Aventicum (Avenches, canton de Vaud), c. 100 apr. J.-Chr. Musée romain, Photo/Foto: TES.

The Celtic Tribes of the Alps

The Alps had various names in ancient times: the Alps Poenines (Alpes Poeninae), the Alps Graies (Alpes Graiae), the Alps Cottiennes (Alpes Cottiae) and the Alps Maritimes (Alpes Maritimes).

The Alpes Graiae and Alpes Poenines extended over different Celtic regions and peoples. The Alpes Graiae included the Tarentaise, the Beaufortain and the Haut-Faucigny. Valais belonged to the Poenine Alps. The Alpes Cottiae and The Alpes Maritimes were in France. The Tarentaise and the Valais were important routes to Italy, Gaul and Britain.

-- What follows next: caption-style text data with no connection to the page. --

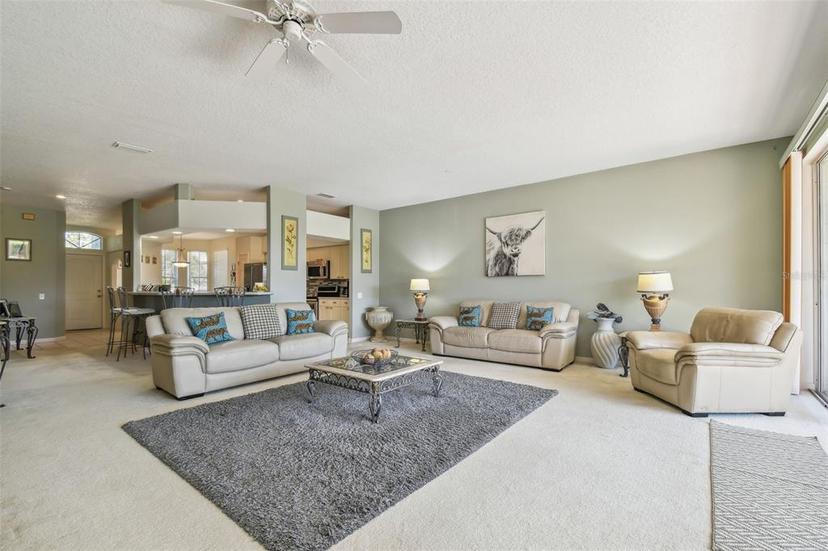 Picture of 4410 Sawgrass Drive, Palm Harbor FL 34685
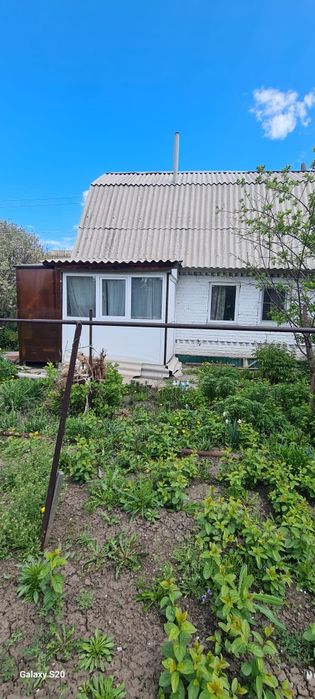 Продается дача в черте города Усть-Каменогорск. За понтонным мостом.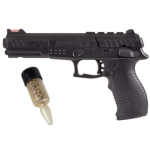 Beeman BB .177cal Spring-Pistol Powered BB/Pellet Air Pistol with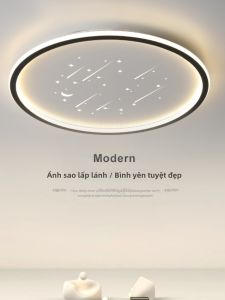 HUOHUAQIU | Creative Nordic Style LED Ceiling Light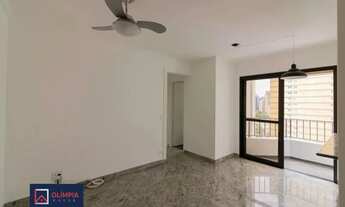 Imagem 2: Venda Apartamento 2 Dormitórios - 50 m² Vila Olímpia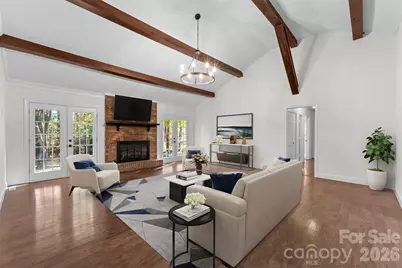 5420 Saddlewood Lane, Mint Hill, NC 28227 - Photo 1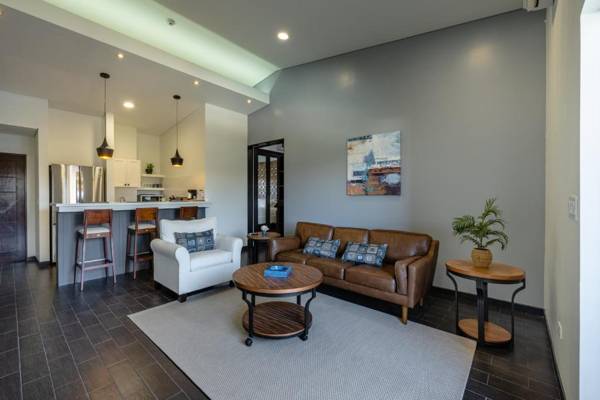 San Nicolas Hotel Casino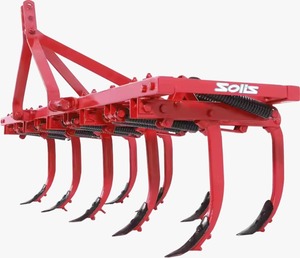 High Efficiency Multi Functional Agricultural Farm <b>Cultivator</b> Tractor Rotavator - Product Image 1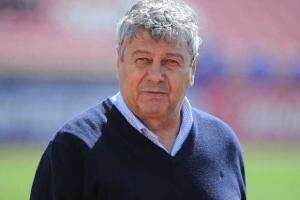 Мирча Луческу: "Славутич" был в шаге от еще одного сюрприза". Кубок Украины. 1/2 финала 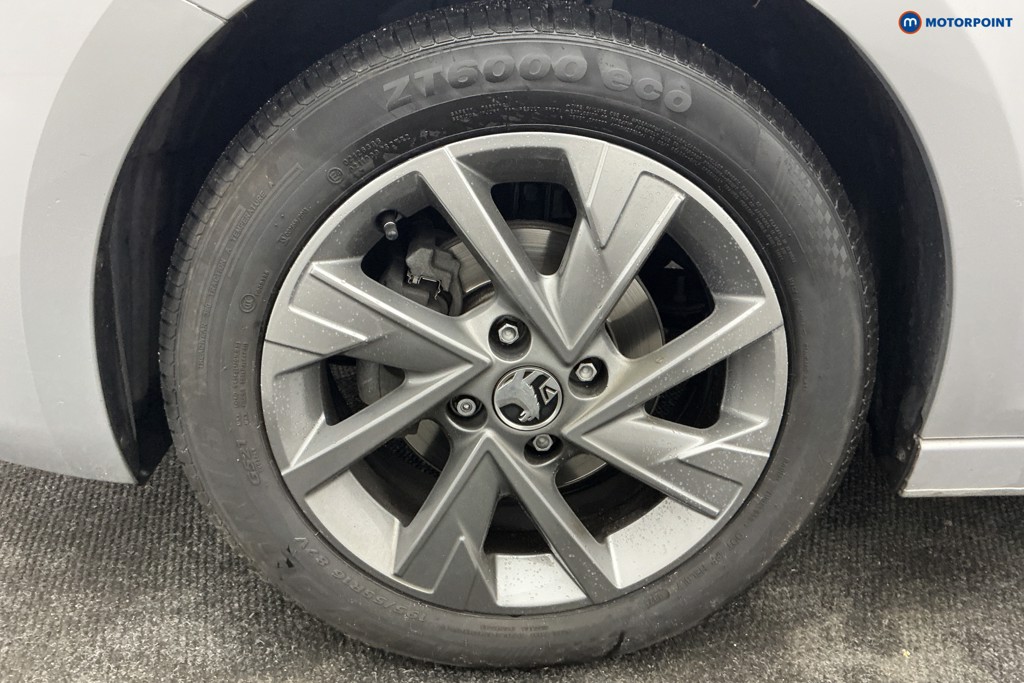 Vauxhall Corsa Design Manual Petrol Hatchback - Stock Number (1671554) - 27th supplementary image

Several passes connected different regions. The Cormet d’Arêches and Roselend connect the Tarentaise with the Beaufortain. The Bonhomme and Forclaz du Prarion pass link the Beaufortain and Haut-Faucigny, and the Balme and Forclaz de Trento passes connect the Val de Chamonix and Valais.

The Petit Saint-Bernard connects the Tarentaise with the Valle d’Aosta and the Grand-Saint-Bernard links Valais to the Aosta Valley (Valle d’Aosta).

The Ceutrones inhabited the Alpes Graiae: their capital was Aime (Axima). Four tribes inhabited the Alpes Poeninae: the Nantuaten, the Veragri, the Sedunas and the Uberi. The Nantuaten lived in the Rhone Valley from Lake Geneva to Saint-Maurice (Agaune) and had Massongex (Tarnaiae) as their capital.

The Veragri inhabited the valley of Martigny. The Sedunas lived in Sion, and the Uberi settled between Sierre, Brig, and the Gotthard (Adulas mons or Columna Solis).